**WORK ITEM**. Scan the records below for the line with "1403 Makiki Street #B401, Honolulu, HI 96814" and the line with "Toyota Prado 2.7L TXL - 4 CYLINDER (PETROL)". Repeat those two lines and every line between them exactly, and nothing else.

**DATA FOR THIS EXERCISE**.
______________________________
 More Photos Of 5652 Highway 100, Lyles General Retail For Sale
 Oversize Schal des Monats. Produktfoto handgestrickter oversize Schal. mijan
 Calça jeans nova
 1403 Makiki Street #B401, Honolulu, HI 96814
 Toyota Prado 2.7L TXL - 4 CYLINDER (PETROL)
______________________________
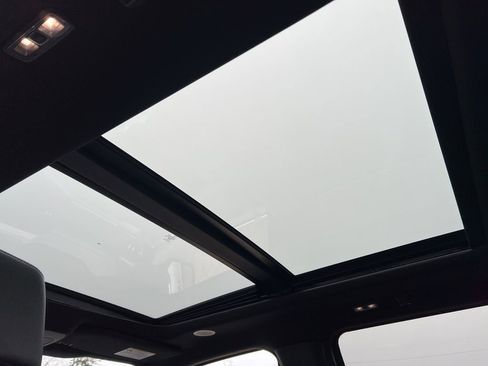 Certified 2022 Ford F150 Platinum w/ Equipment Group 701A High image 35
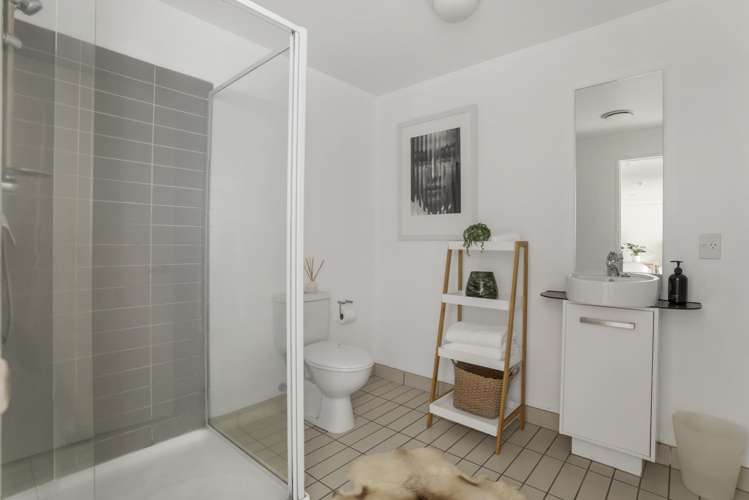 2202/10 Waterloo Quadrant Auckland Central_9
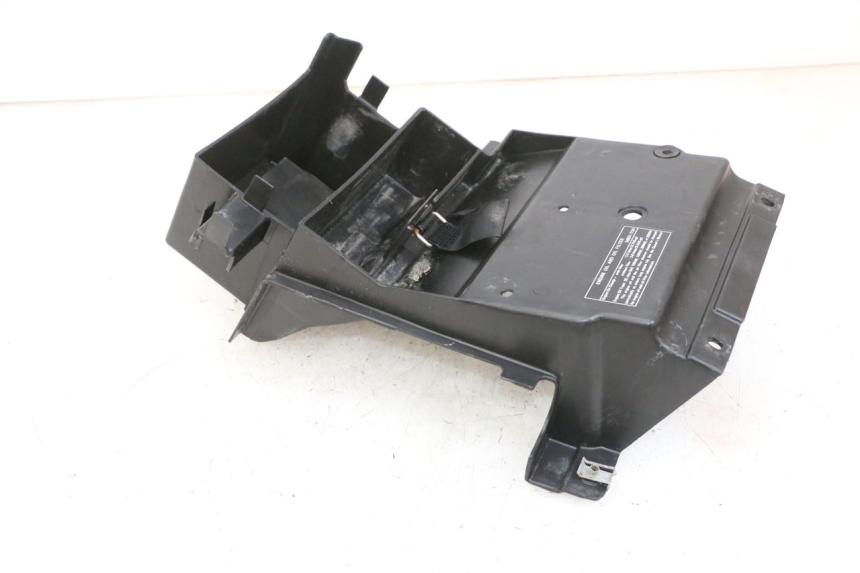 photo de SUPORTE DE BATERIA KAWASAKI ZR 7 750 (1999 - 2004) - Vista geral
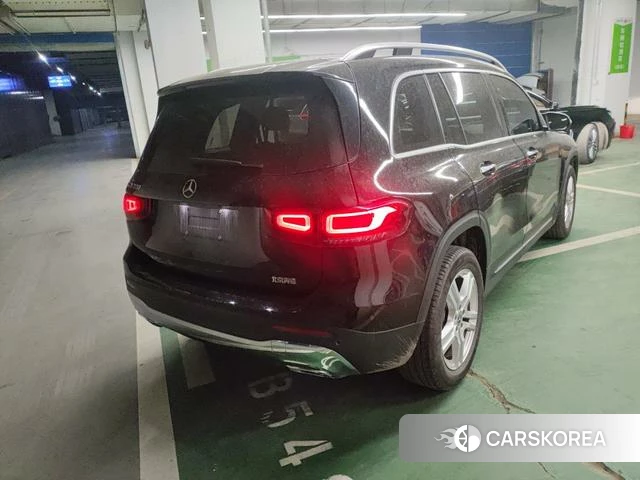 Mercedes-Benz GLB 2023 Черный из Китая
______________________________
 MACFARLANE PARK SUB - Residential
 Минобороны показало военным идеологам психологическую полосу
______________________________
**SOLUTION FOR THIS EXERCISE**.
 1403 Makiki Street #B401, Honolulu, HI 96814
 Toyota Prado 2.7L TXL - 4 CYLINDER (PETROL)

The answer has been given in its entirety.